- Assigned task
Beginning with the first entry, set down each one exactly as shown.
Input data section start
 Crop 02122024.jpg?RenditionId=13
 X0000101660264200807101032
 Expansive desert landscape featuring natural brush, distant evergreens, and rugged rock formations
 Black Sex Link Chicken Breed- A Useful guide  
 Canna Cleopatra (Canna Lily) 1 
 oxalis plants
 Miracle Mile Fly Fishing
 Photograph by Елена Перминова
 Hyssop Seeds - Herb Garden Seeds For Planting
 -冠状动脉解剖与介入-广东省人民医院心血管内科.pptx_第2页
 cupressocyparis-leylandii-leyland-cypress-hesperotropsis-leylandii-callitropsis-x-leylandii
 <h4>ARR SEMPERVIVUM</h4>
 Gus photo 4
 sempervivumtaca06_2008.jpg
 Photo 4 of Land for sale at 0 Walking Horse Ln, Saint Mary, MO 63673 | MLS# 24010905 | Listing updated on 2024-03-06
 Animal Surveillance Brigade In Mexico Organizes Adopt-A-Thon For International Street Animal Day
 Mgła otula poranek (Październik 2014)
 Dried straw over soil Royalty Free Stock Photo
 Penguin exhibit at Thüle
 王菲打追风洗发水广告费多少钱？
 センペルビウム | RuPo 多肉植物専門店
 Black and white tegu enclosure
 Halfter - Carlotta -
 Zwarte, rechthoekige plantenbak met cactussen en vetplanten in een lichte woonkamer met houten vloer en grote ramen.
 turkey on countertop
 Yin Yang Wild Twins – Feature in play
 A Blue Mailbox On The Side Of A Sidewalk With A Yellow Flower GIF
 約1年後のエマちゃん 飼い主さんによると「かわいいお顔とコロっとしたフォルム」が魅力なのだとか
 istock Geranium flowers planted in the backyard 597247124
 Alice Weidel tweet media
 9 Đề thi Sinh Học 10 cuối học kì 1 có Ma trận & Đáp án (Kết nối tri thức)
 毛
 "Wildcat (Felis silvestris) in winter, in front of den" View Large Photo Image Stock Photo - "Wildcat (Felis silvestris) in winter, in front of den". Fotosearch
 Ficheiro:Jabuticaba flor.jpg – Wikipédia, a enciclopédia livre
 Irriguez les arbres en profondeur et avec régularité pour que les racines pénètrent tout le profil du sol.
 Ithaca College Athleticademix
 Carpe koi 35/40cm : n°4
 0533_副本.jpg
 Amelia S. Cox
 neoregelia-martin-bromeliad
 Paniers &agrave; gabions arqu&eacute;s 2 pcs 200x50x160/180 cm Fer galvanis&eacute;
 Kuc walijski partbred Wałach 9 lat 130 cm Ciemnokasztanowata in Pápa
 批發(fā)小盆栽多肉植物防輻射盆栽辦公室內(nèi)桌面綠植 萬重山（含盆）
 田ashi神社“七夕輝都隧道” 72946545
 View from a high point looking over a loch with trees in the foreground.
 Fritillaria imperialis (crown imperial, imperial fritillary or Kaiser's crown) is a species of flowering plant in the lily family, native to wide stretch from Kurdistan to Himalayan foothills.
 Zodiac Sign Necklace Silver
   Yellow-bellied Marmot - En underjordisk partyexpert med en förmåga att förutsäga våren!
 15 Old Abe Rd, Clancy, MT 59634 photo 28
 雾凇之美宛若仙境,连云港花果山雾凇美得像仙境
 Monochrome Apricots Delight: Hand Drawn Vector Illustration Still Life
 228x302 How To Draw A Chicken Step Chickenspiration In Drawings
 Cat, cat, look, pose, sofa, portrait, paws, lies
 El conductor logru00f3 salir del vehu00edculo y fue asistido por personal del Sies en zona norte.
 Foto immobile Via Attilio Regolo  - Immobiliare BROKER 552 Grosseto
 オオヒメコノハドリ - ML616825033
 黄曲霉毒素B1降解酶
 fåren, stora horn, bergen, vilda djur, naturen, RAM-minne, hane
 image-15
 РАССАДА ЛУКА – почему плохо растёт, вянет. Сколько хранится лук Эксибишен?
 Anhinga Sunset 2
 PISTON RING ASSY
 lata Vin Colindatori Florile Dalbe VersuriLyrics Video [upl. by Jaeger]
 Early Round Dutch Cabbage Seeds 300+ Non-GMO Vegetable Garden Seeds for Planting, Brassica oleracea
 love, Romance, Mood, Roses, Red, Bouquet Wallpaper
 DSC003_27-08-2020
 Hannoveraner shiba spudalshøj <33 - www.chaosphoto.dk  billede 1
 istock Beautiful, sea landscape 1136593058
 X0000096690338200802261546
Input data section end
- Exercise output
 Crop 02122024.jpg?RenditionId=13
 X0000101660264200807101032
 Expansive desert landscape featuring natural brush, distant evergreens, and rugged rock formations
 Black Sex Link Chicken Breed- A Useful guide  
 Canna Cleopatra (Canna Lily) 1 
 oxalis plants
 Miracle Mile Fly Fishing
 Photograph by Елена Перминова
 Hyssop Seeds - Herb Garden Seeds For Planting
 -冠状动脉解剖与介入-广东省人民医院心血管内科.pptx_第2页
 cupressocyparis-leylandii-leyland-cypress-hesperotropsis-leylandii-callitropsis-x-leylandii
 <h4>ARR SEMPERVIVUM</h4>
 Gus photo 4
 sempervivumtaca06_2008.jpg
 Photo 4 of Land for sale at 0 Walking Horse Ln, Saint Mary, MO 63673 | MLS# 24010905 | Listing updated on 2024-03-06
 Animal Surveillance Brigade In Mexico Organizes Adopt-A-Thon For International Street Animal Day
 Mgła otula poranek (Październik 2014)
 Dried straw over soil Royalty Free Stock Photo
 Penguin exhibit at Thüle
 王菲打追风洗发水广告费多少钱？
 センペルビウム | RuPo 多肉植物専門店
 Black and white tegu enclosure
 Halfter - Carlotta -
 Zwarte, rechthoekige plantenbak met cactussen en vetplanten in een lichte woonkamer met houten vloer en grote ramen.
 turkey on countertop
 Yin Yang Wild Twins – Feature in play
 A Blue Mailbox On The Side Of A Sidewalk With A Yellow Flower GIF
 約1年後のエマちゃん 飼い主さんによると「かわいいお顔とコロっとしたフォルム」が魅力なのだとか
 istock Geranium flowers planted in the backyard 597247124
 Alice Weidel tweet media
 9 Đề thi Sinh Học 10 cuối học kì 1 có Ma trận & Đáp án (Kết nối tri thức)
 毛
 "Wildcat (Felis silvestris) in winter, in front of den" View Large Photo Image Stock Photo - "Wildcat (Felis silvestris) in winter, in front of den". Fotosearch
 Ficheiro:Jabuticaba flor.jpg – Wikipédia, a enciclopédia livre
 Irriguez les arbres en profondeur et avec régularité pour que les racines pénètrent tout le profil du sol.
 Ithaca College Athleticademix
 Carpe koi 35/40cm : n°4
 0533_副本.jpg
 Amelia S. Cox
 neoregelia-martin-bromeliad
 Paniers &agrave; gabions arqu&eacute;s 2 pcs 200x50x160/180 cm Fer galvanis&eacute;
 Kuc walijski partbred Wałach 9 lat 130 cm Ciemnokasztanowata in Pápa
 批發(fā)小盆栽多肉植物防輻射盆栽辦公室內(nèi)桌面綠植 萬重山（含盆）
 田ashi神社“七夕輝都隧道” 72946545
 View from a high point looking over a loch with trees in the foreground.
 Fritillaria imperialis (crown imperial, imperial fritillary or Kaiser's crown) is a species of flowering plant in the lily family, native to wide stretch from Kurdistan to Himalayan foothills.
 Zodiac Sign Necklace Silver
   Yellow-bellied Marmot - En underjordisk partyexpert med en förmåga att förutsäga våren!
 15 Old Abe Rd, Clancy, MT 59634 photo 28
 雾凇之美宛若仙境,连云港花果山雾凇美得像仙境
 Monochrome Apricots Delight: Hand Drawn Vector Illustration Still Life
 228x302 How To Draw A Chicken Step Chickenspiration In Drawings
 Cat, cat, look, pose, sofa, portrait, paws, lies
 El conductor logru00f3 salir del vehu00edculo y fue asistido por personal del Sies en zona norte.
 Foto immobile Via Attilio Regolo  - Immobiliare BROKER 552 Grosseto
 オオヒメコノハドリ - ML616825033
 黄曲霉毒素B1降解酶
 fåren, stora horn, bergen, vilda djur, naturen, RAM-minne, hane
 image-15
 РАССАДА ЛУКА – почему плохо растёт, вянет. Сколько хранится лук Эксибишен?
 Anhinga Sunset 2
 PISTON RING ASSY
 lata Vin Colindatori Florile Dalbe VersuriLyrics Video [upl. by Jaeger]
 Early Round Dutch Cabbage Seeds 300+ Non-GMO Vegetable Garden Seeds for Planting, Brassica oleracea
 love, Romance, Mood, Roses, Red, Bouquet Wallpaper
 DSC003_27-08-2020
 Hannoveraner shiba spudalshøj <33 - www.chaosphoto.dk  billede 1
 istock Beautiful, sea landscape 1136593058
 X0000096690338200802261546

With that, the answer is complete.